─── DATASET EXCERPT

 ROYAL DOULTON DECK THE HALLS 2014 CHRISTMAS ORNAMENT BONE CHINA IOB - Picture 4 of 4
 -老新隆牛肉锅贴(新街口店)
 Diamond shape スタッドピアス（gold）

──────

▸ PROBLEM DESCRIPTION
An exact copy of the listing above is what is wanted.

▸ EXERCISE SOLUTION
 ROYAL DOULTON DECK THE HALLS 2014 CHRISTMAS ORNAMENT BONE CHINA IOB - Picture 4 of 4
 -老新隆牛肉锅贴(新街口店)
 Diamond shape スタッドピアス（gold）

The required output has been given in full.